Bandaging up afterward took longer than the actual procedure. As Veit was carefully pulling up his pants, the doctor said, "Take your first pill in about an hour. That way, it’ll be working when the local wears off."

"That would be good," Veit agreed. He got one more laugh from the man in the white coat. No doubt everything seemed funnier when you were on the other end of the scalpel.

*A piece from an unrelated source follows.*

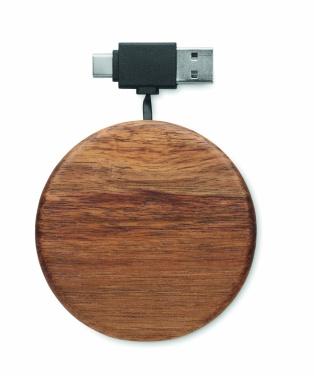 Logo trade promotional gifts picture of: Wireless charger in acacia 15W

He didn’t have Kristi drive home; he did it himself, with his legs splayed wide. He couldn’t feel anything--the anesthetic was still going strong--but he did even so. He dutifully swallowed the pill at the appointed time. Things started hurting anyway: hurting like hell, not to put too fine a point on it. Veit gulped another pill. It was too soon after the first, but he did it all the same.

Two pain pills were better than one, but not enough. He still hurt. The pills did make his head feel like a balloon attached to his body on a long string. What happened from his neck down was still there, but only distantly connected to the part of him that noticed.

He ate whatever Kristi put on the table. Afterward, he remembered eating, but not what he’d eaten.

He wandered out into the front room and sat down in front of the TV. He might do that any evening to unwind from a long day of being a Jew, but this felt different. The screen in front of him swallowed all of his consciousness that didn’t sting.

Which was odd, because the channel he’d chosen more or less at random was showing a string of ancient movies: movies from before the War of Retribution, movies in black and white. Normally, Veit had no patience for that. He lived in a black-and-white world in Wawolnice. When he watched the television, he wanted something brighter, something more interesting.

Tonight, though, with the two pain pills pumping through him, he just didn’t care. The TV was on. He’d watch it. He didn’t have to think while he stared at the pictures. Something called Bringing Up Baby was running. It was funny even though it was dubbed. It was funny even though he was drugged.